> **Work to be completed**
Repeat exactly the lines of the material below that run from the "Gasflaschenpalette mit Rampe" line to the "WILLIAM SOMERVILLE : THE" line, including both, and do not carry over any pictures.

> **Task data**
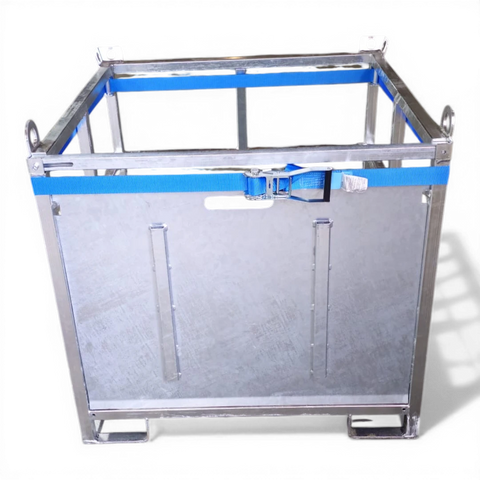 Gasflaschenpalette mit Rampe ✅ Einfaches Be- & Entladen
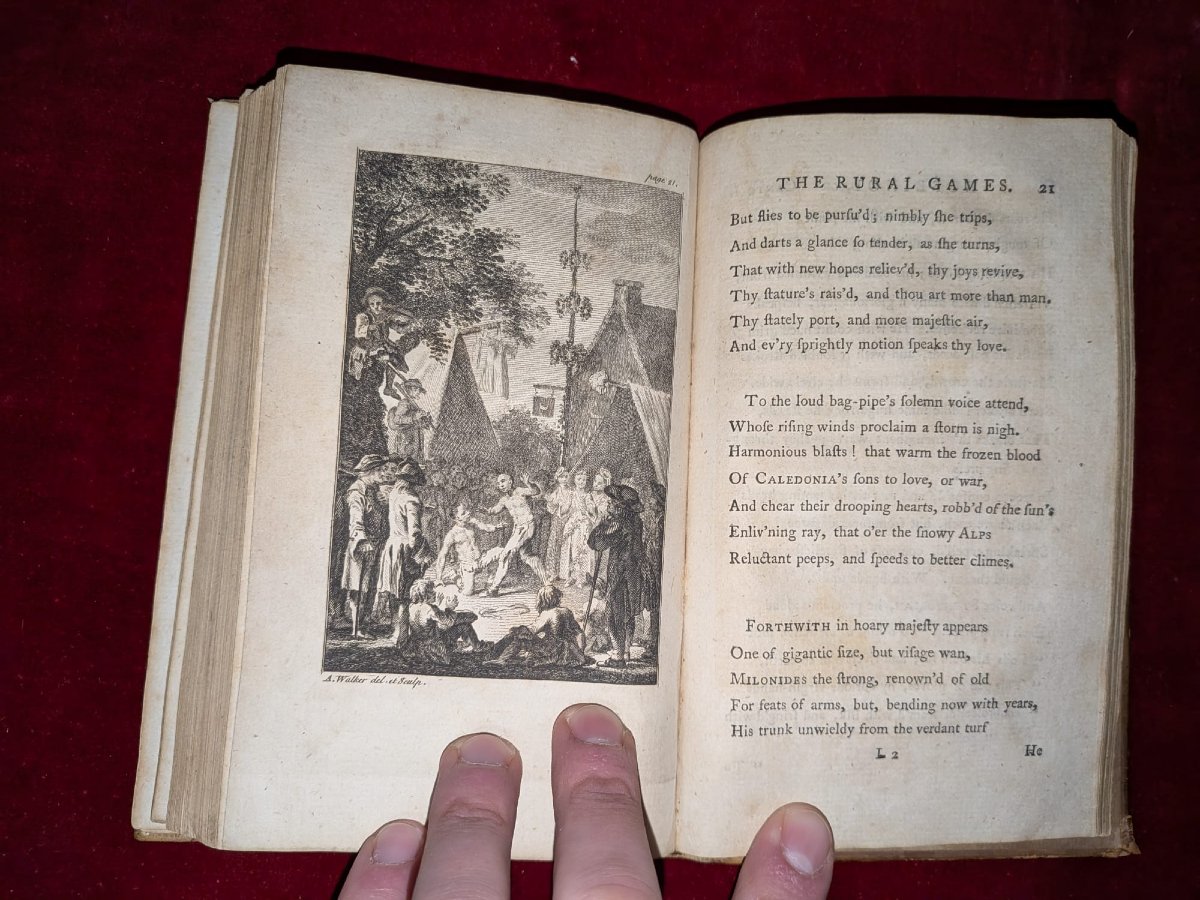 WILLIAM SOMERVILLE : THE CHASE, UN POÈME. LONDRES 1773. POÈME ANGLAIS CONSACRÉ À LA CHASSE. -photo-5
* * *
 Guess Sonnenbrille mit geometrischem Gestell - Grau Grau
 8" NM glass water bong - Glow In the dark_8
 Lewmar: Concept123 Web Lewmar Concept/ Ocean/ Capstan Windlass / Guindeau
--
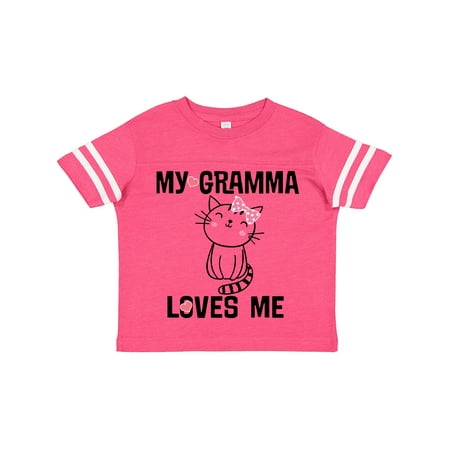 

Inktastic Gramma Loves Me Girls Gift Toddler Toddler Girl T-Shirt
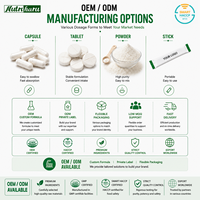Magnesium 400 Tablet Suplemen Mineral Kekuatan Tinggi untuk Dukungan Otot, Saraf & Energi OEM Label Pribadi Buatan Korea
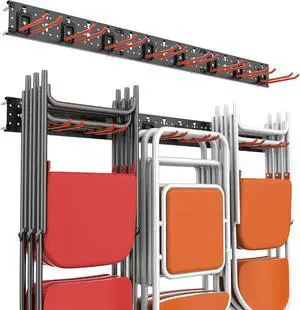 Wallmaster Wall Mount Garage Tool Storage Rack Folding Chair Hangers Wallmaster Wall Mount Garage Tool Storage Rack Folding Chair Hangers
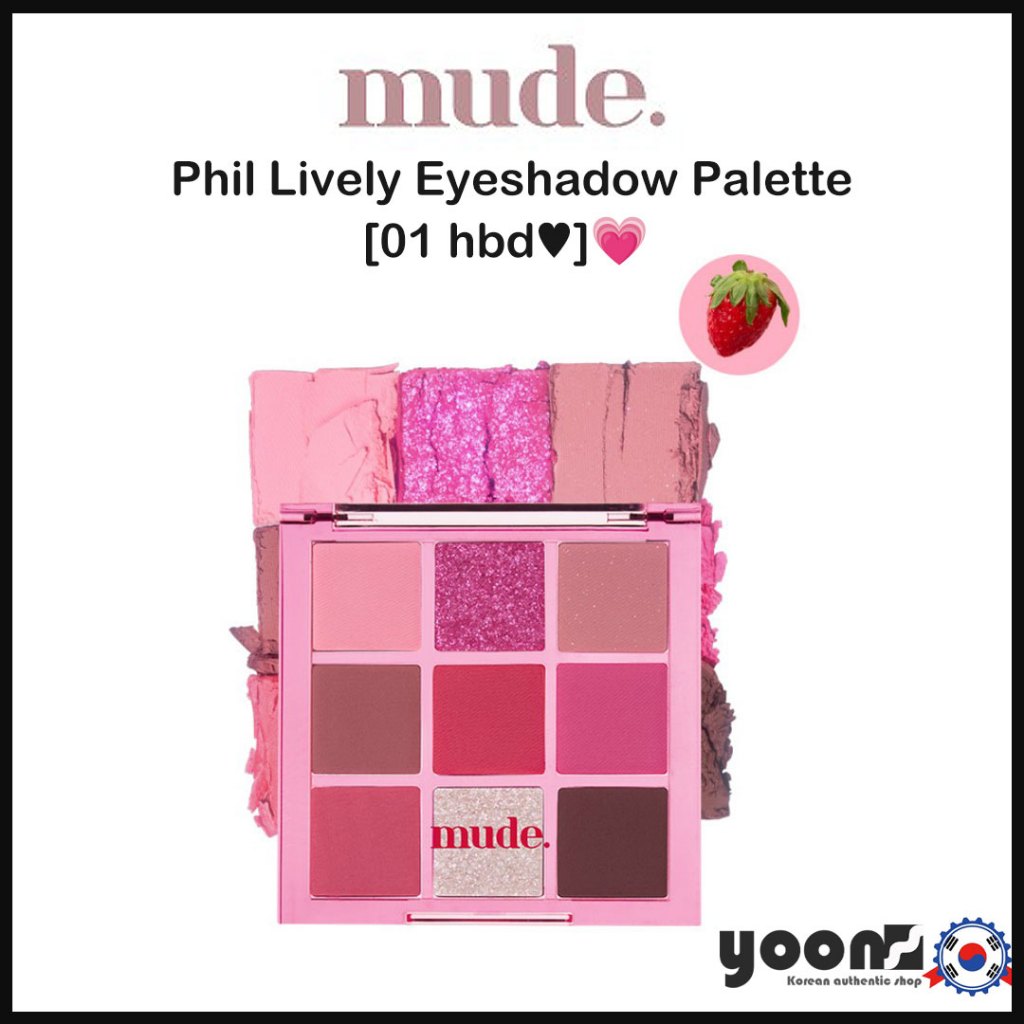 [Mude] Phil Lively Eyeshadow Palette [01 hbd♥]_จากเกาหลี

> **Exercise response**
 Gasflaschenpalette mit Rampe ✅ Einfaches Be- & Entladen
 WILLIAM SOMERVILLE : THE CHASE, UN POÈME. LONDRES 1773. POÈME ANGLAIS CONSACRÉ À LA CHASSE. -photo-5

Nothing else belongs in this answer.